Macroeconomic Effects of Reducing the Effective Tax Rate on Repatriated Foreign Subsidiary Earnings in a Credit- and Liquidity-Constrained Environment

Allen Sinai –
January 30, 2009

Study Summary

  • 23% of AJCA repatriated funds went towards hiring and training of U.S. employees.
  • Increasingly, U.S. companies are earning a larger portion of profits oversees. This means there is more and more money being earned and held overseas. It is estimated that in 2007 38% of sales for S&P 500 companies were derived from foreign activities.
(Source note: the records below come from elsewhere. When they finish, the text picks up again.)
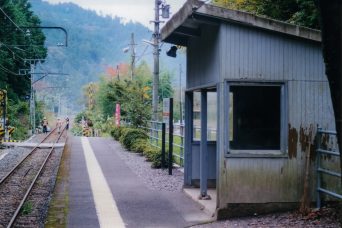 JR飯田線・柿平駅（愛知県：2001年11月）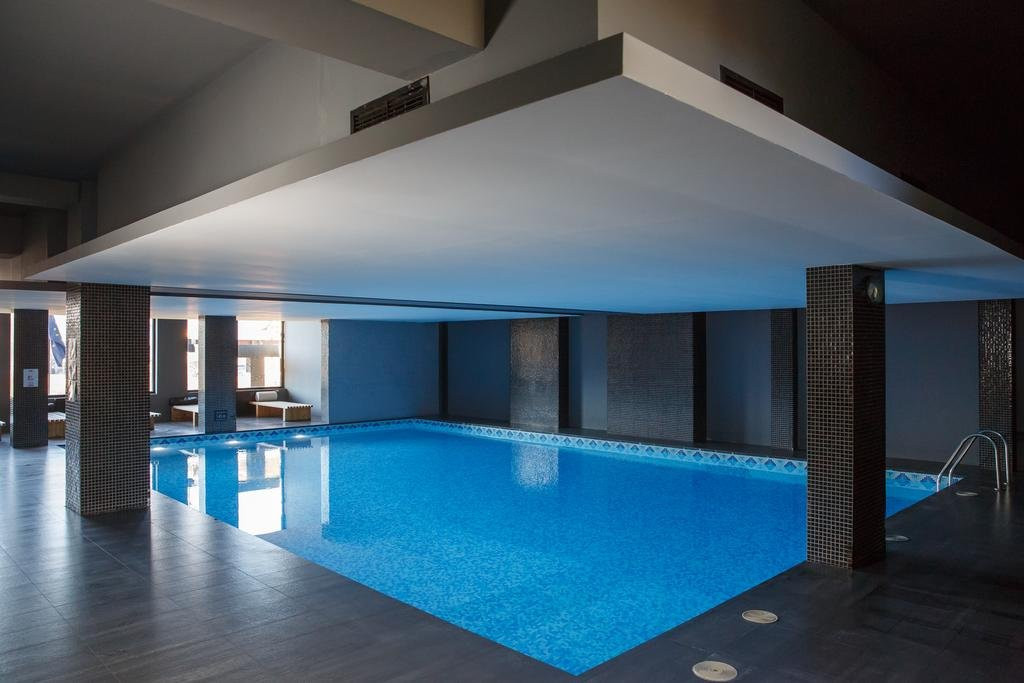 Riverside Hotel & Spa主图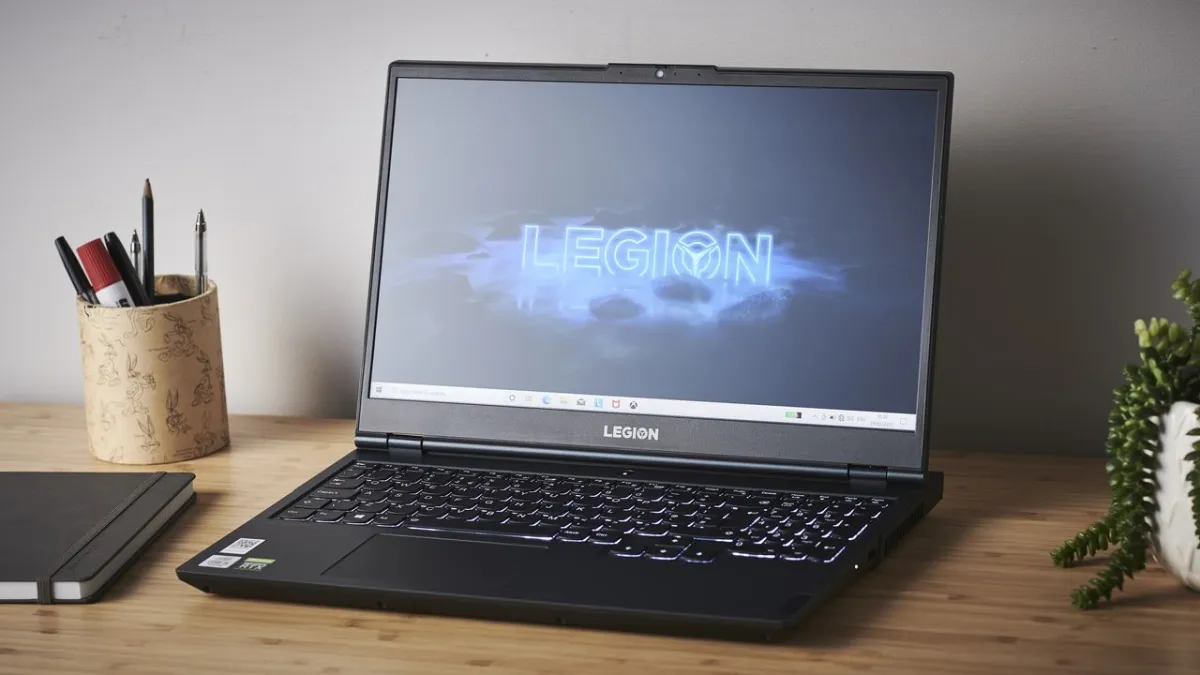Gaming laptops feature RTX 5060 and RTX 5070 graphics processors.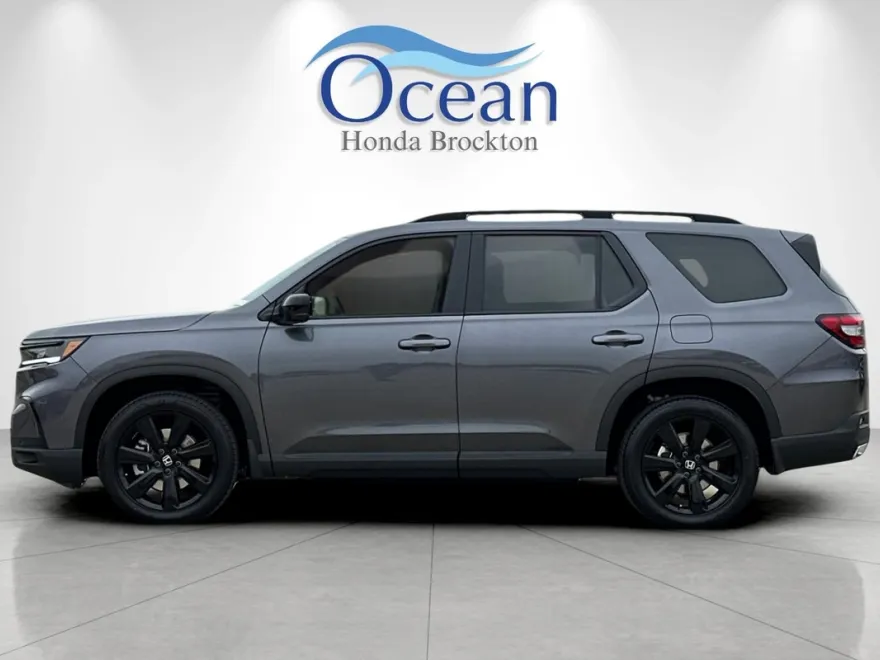2025 Honda Pilot Black Edition photo 1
This means repatriated funds could be substantially greater than in 2004.
  • It is estimated that $565 billion could be repatriated this time around.
  • Another one-time repatriation could increase real GDP by an average of $62 billion a year over five years.
  • Spending on Research & Development would increase by an estimated $7 billion per year over five years.
  • Models show a new one-time repatriation could help reduce the federal budget deficit by $47.6 billion a year over five years.
  • Corporate cash flow would increase by an estimated $134.4 billion a year over five years; it is predicted that this additional money would be spent principally on plant and equipment. This would indicate a significant improvement for nonfinancial corporations.
  • Overall, repatriation could increase liquidity, reduce the need for borrowing, increase cash flow and stimulate capital spending and hiring.